Sophisticated genetics programs and marketing initiatives have bred unmatched success for Texas cattle producers and breeders as they meet increasing demand from an expanding global market.

Among those who have played key roles is a soft-spoken native of Ballinger, Texas – Juan Hernandez, a retired Texas Department of Agriculture (TDA) specialist in international livestock marketing and a 25-year member of the Fort Worth Stock Show & Rodeo’s International Committee.

“Juan Hernandez’s impact on Texas’ purebred cattle industry is legendary,” said Dana Lewis, president of the Fort Worth Chamber of Commerce Farm and Ranch Club. For nearly 40 years, Hernandez’s involvement has ranged from conducting hundreds of foreign trade missions  to arranging sales of cattle genetics between foreign buyers and ranches across Texas.
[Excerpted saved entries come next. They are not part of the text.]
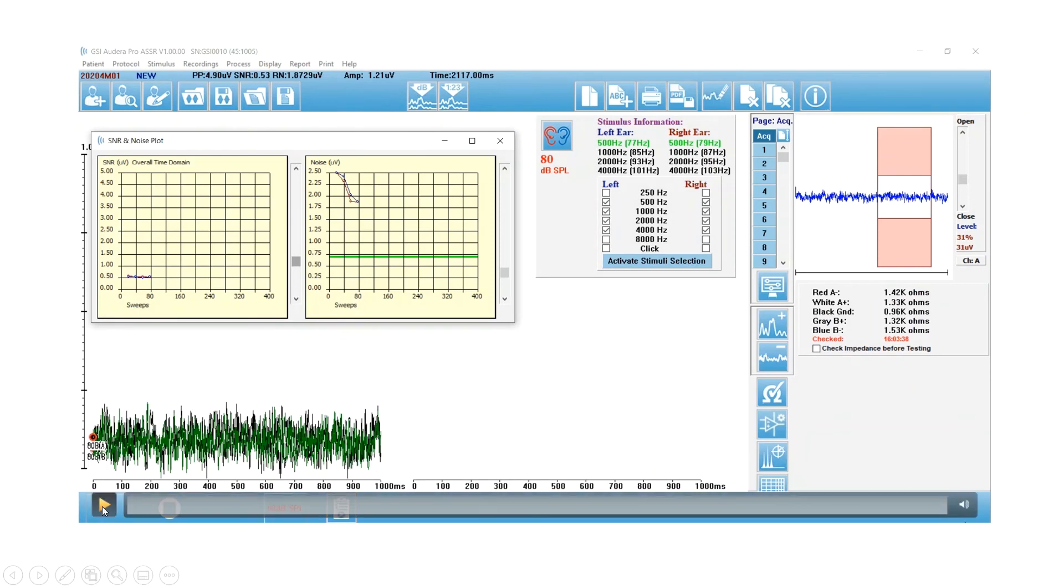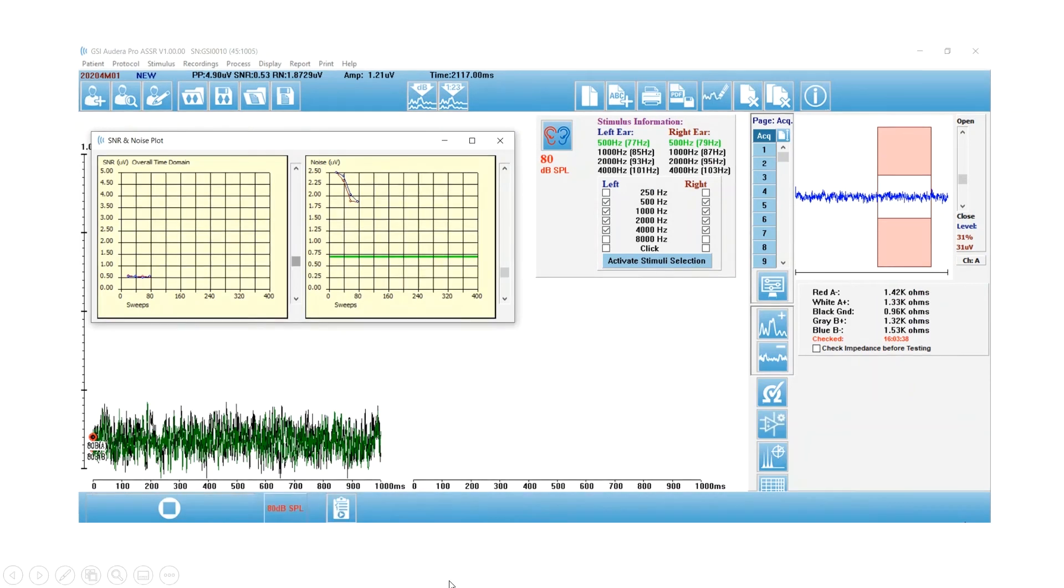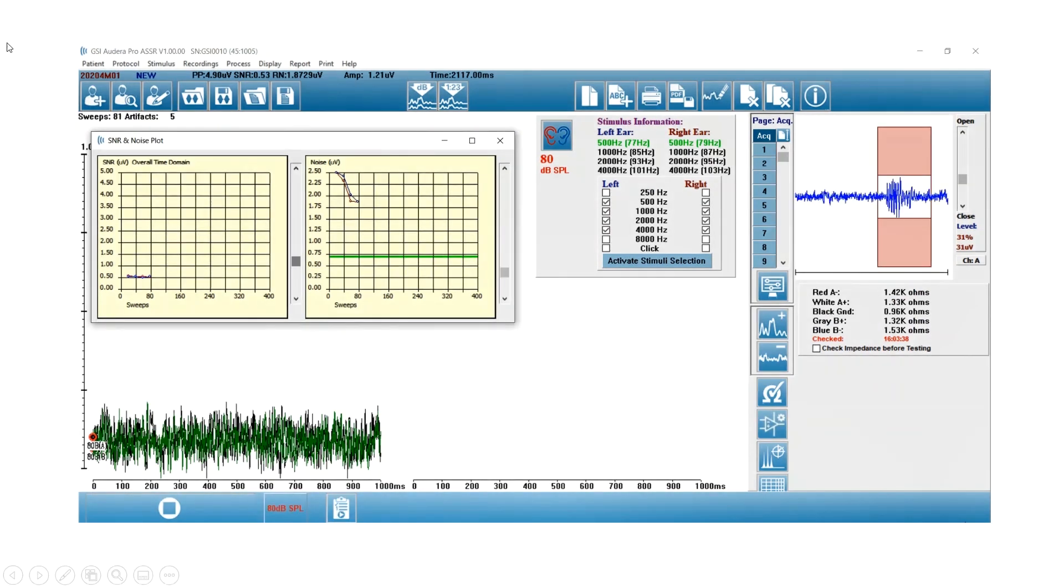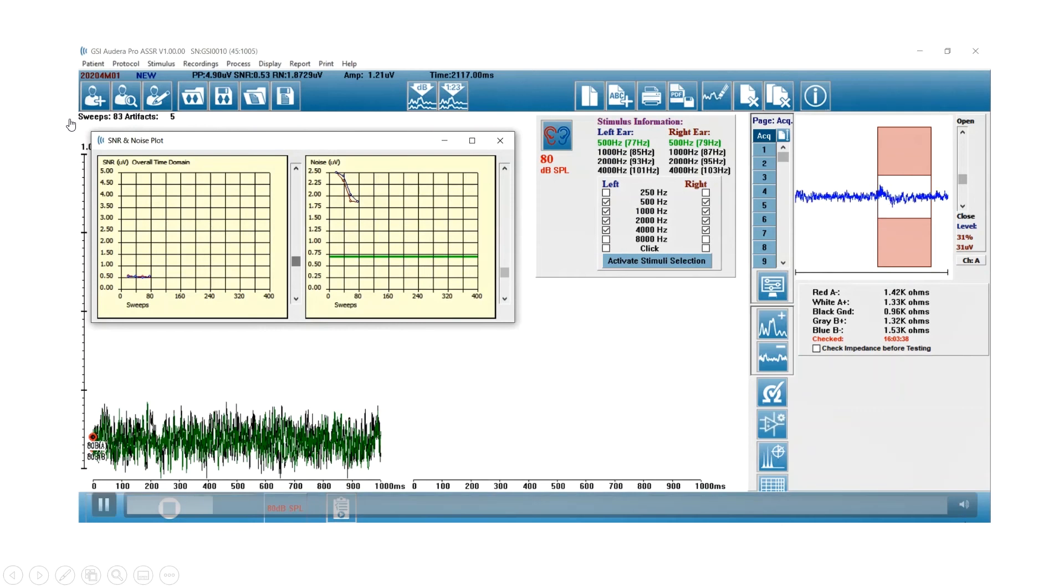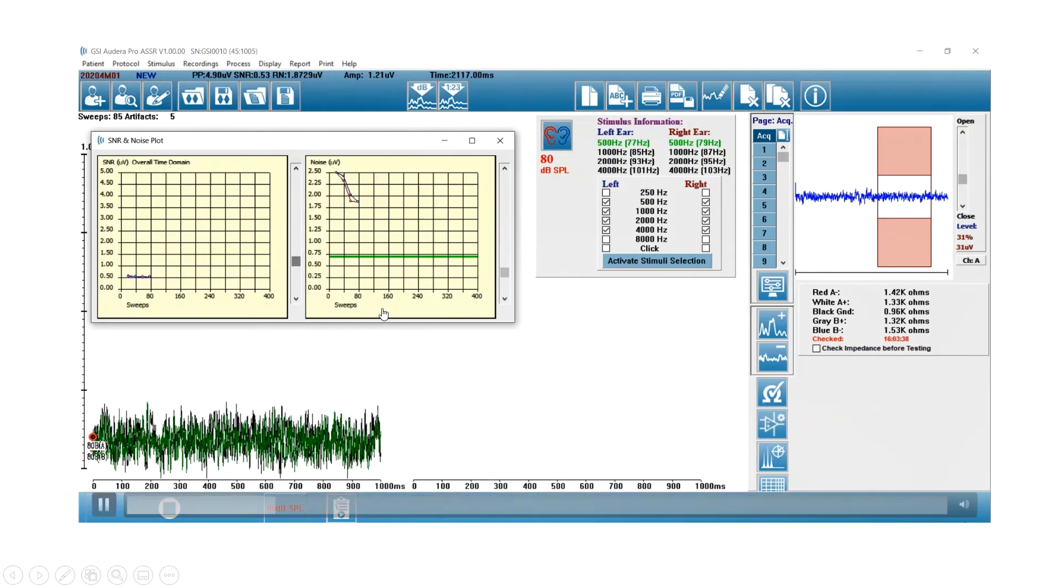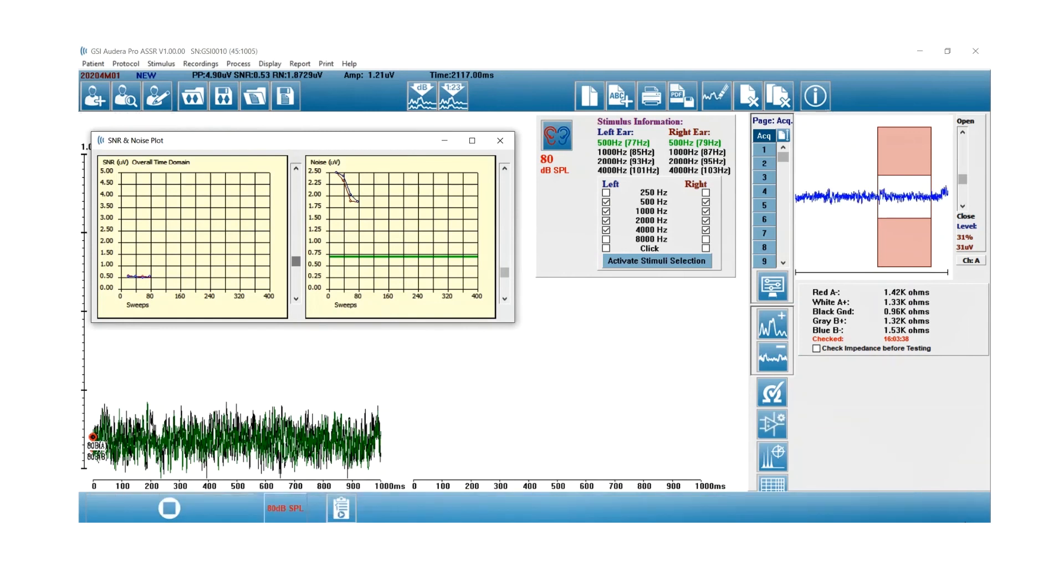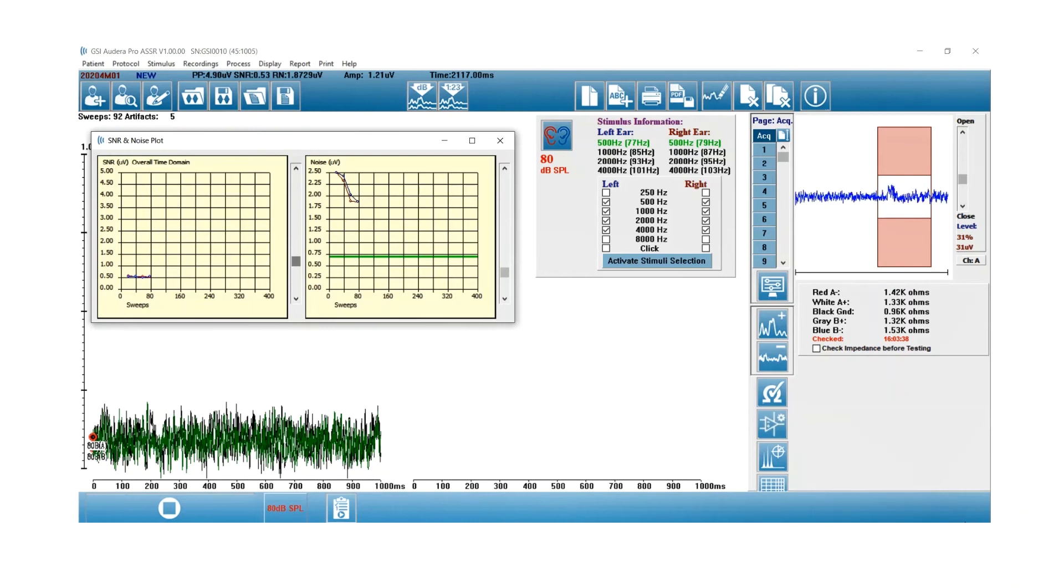So now I'm getting a little bit further along in my recording. If you look at my sweep count, I'm up at 83 sweeps. If you look at my noise level, it's dropping, so I'm plotting my noise over the number of sweeps. As I average, my noise level should go down. That's the principle of averaging.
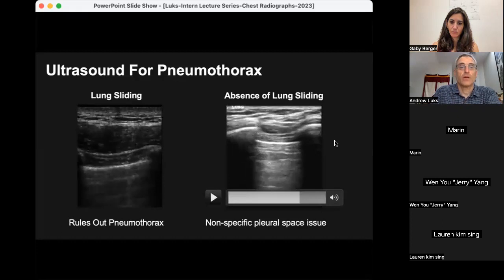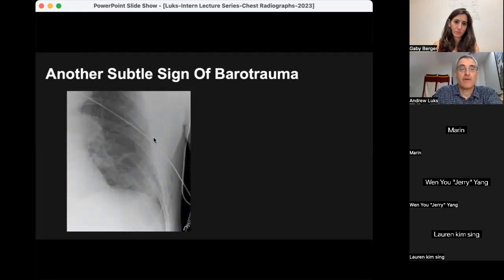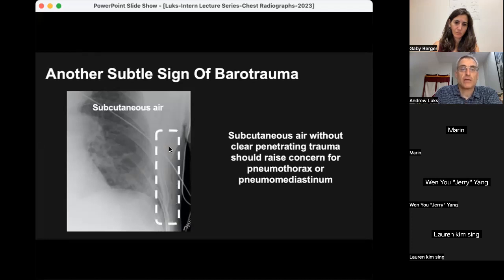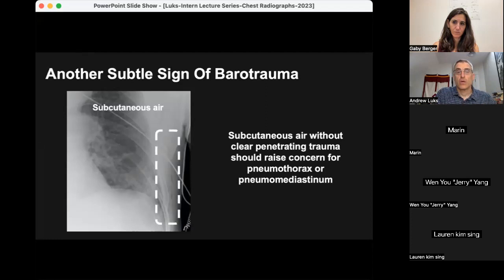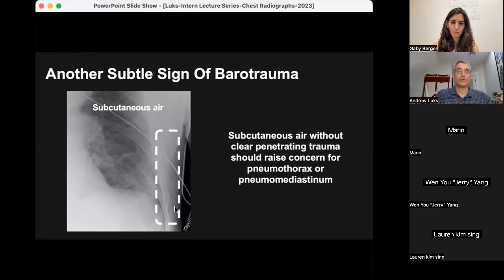There are other subtle signs of barotrauma you should be aware of. Here is a cone-down view of a patient's chest showing areas of lucency within the soft tissue — subcutaneous air. If you ever see subcutaneous air without clear penetrating trauma (the person wasn't stabbed, you didn't just perform a procedure in that area), that is usually a pneumothorax or pneumomediastinum until proven otherwise. Even if there's no obvious pneumothorax on the film, the presence of subcutaneous air tells you to look further.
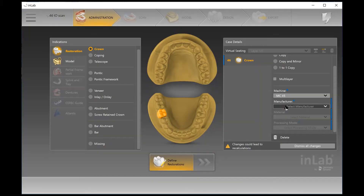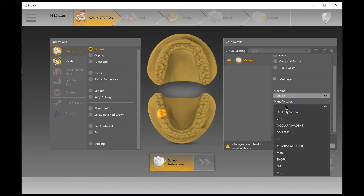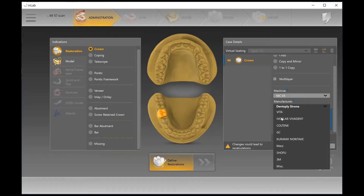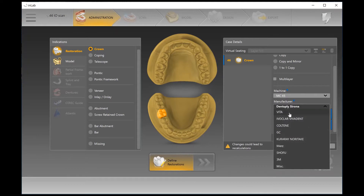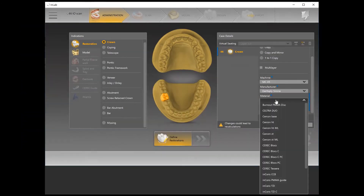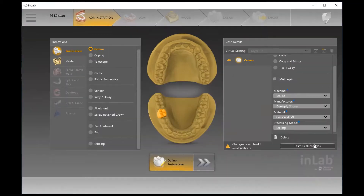From here you want to identify the machine — whether you add a generic device for third-party machines or if you are using a Dentsply Sirona MCX5 or MCXL, you can identify it as such. Then we can identify the material of our choosing. Here I'm going to select Dentsply Sirona and Cercon XTML, which is a beautiful zirconia material.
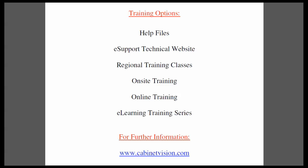If you have questions about this or anything else, please go to our website cabinetvision.com. We look forward to you joining us next time. Thank you for watching.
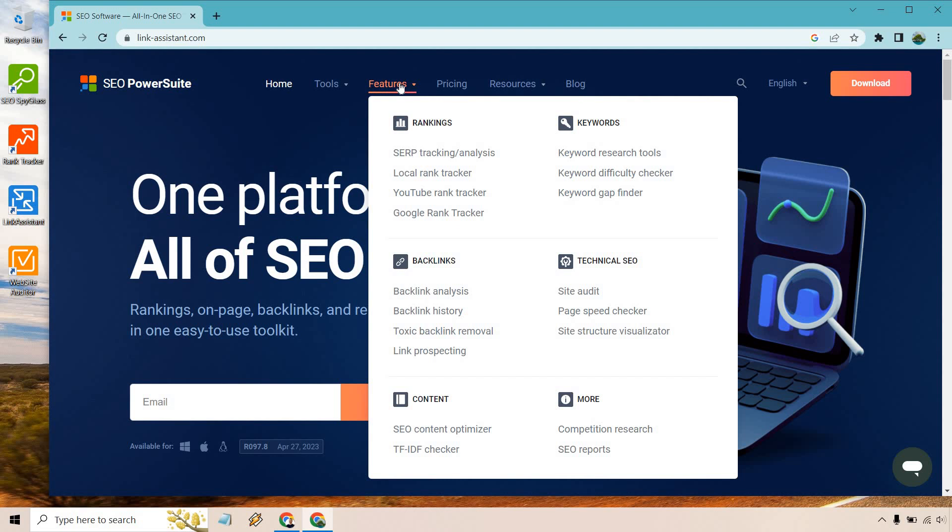In terms of backlinks, there's analysis, history, toxic backlink removal, link prospecting. For technical SEO, we got site audits, page speed checkers, as well as site structure visualizer. And then of course, at the bottom, there's content for SEO content optimizer, TFIDF checker, and a few more things.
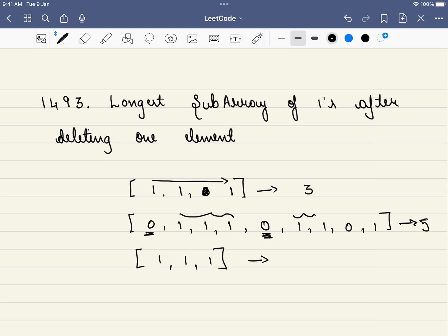Now what about this corner case? In this problem we must delete one element. So if there is no 0 in the array, the answer will be the length of the array minus one — for example, 2 in this case. This is one of the corner cases.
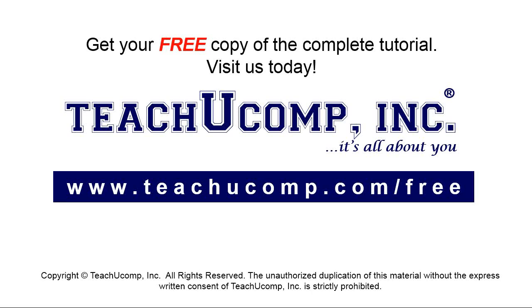Get your free copy of the complete tutorial at www.teachucomp.com forward slash free.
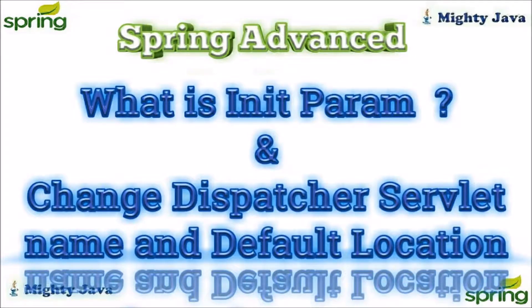Hey guys, welcome to our channel. Before starting the video, if you have not subscribed our channel till now then please subscribe it. In this video we will see what is init param and how to change dispatcher servlet name and default location.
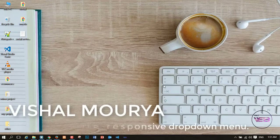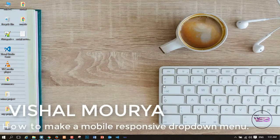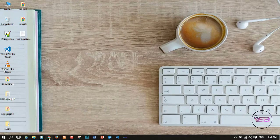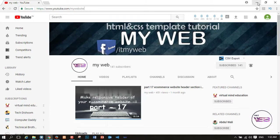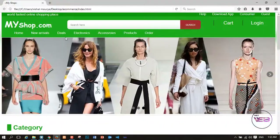Hey guys, welcome back to my YouTube channel. This channel name is MyWeb and I am your instructor Vishal Maurya. In the last video I was working on part 17, making the responsive header of the e-commerce site. In this video I am working on making our navigation bar responsive.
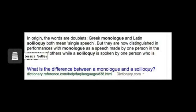These two terms seemed pretty similar to me, so I decided to look up the difference between the two. Monologue means in the company of other characters, while soliloquy is totally alone.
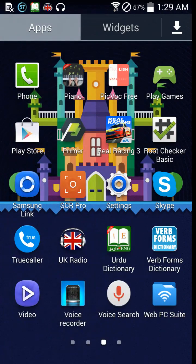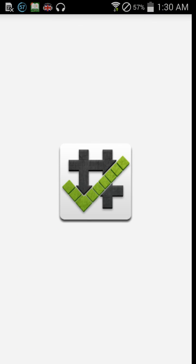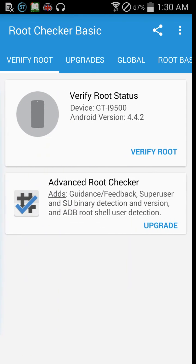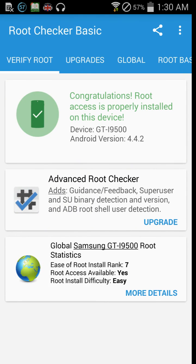First of all, you need to download the Root Checker Basic app from the Android Play Store. After that, install it and open it. Here you can see the 'Verify Root Status' option — click this and it will show you whether your phone is rooted or not.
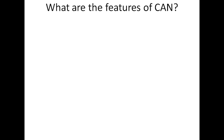The next question is what are the features of CAN? Why is CAN so famous? Why is it so widely used in automotive industry? These are some of the excellent features that CAN communication protocol has.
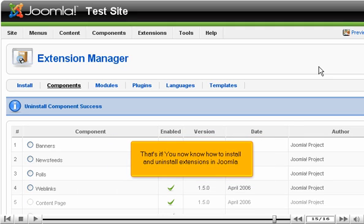That's it! You now know how to install and uninstall extensions in Joomla.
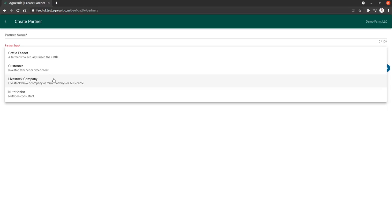You can either continue or stop the relationship if you determine something needs to be done with that. Customer is also a partner that is linked to a lot and is defined as a partner that you are custom feeding for or someone else owns these animals.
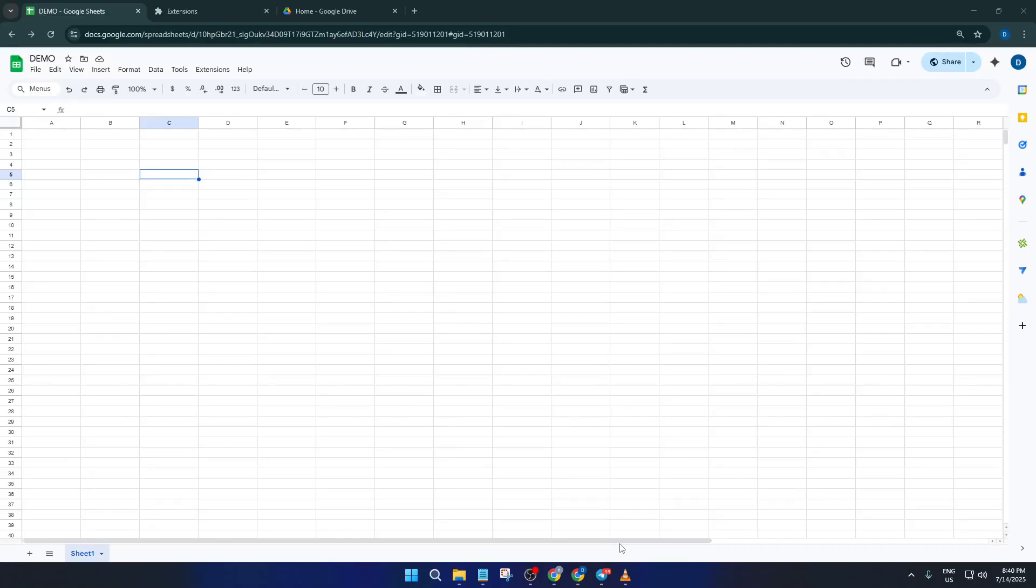Hey everyone, welcome back to the channel. Today I'm going to show you exactly how to use Google Docs, Google Slides, and Google Sheets offline so you can keep working on your important files even when you don't have an internet connection. By the end of this tutorial you'll be able to edit your documents, spreadsheets, and presentations anywhere anytime with zero stress about losing your progress. Let's dive right in and get set up.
For those reasons and more, the Farm and Ranch Club will honor Hernandez with the 2018 W.A. “Bill” King Award at the Stock Show’s Jan. 18 Livestock Appreciation Day luncheon at Will Rogers Memorial Center. Keynote speaker will be another legendary personality with Fort Worth ties – CBS national journalist Bob Schieffer.

The award, named after the Farm & Ranch Club founder in 1950, recognizes a business, individual or family for significant contributions to agriculture or the agribusiness industry.

“I’m very humbled to receive the King Award,” Hernandez said. “I’ve always tried to do as my father, Manuel, told me: If you do a job for someone, do it well.”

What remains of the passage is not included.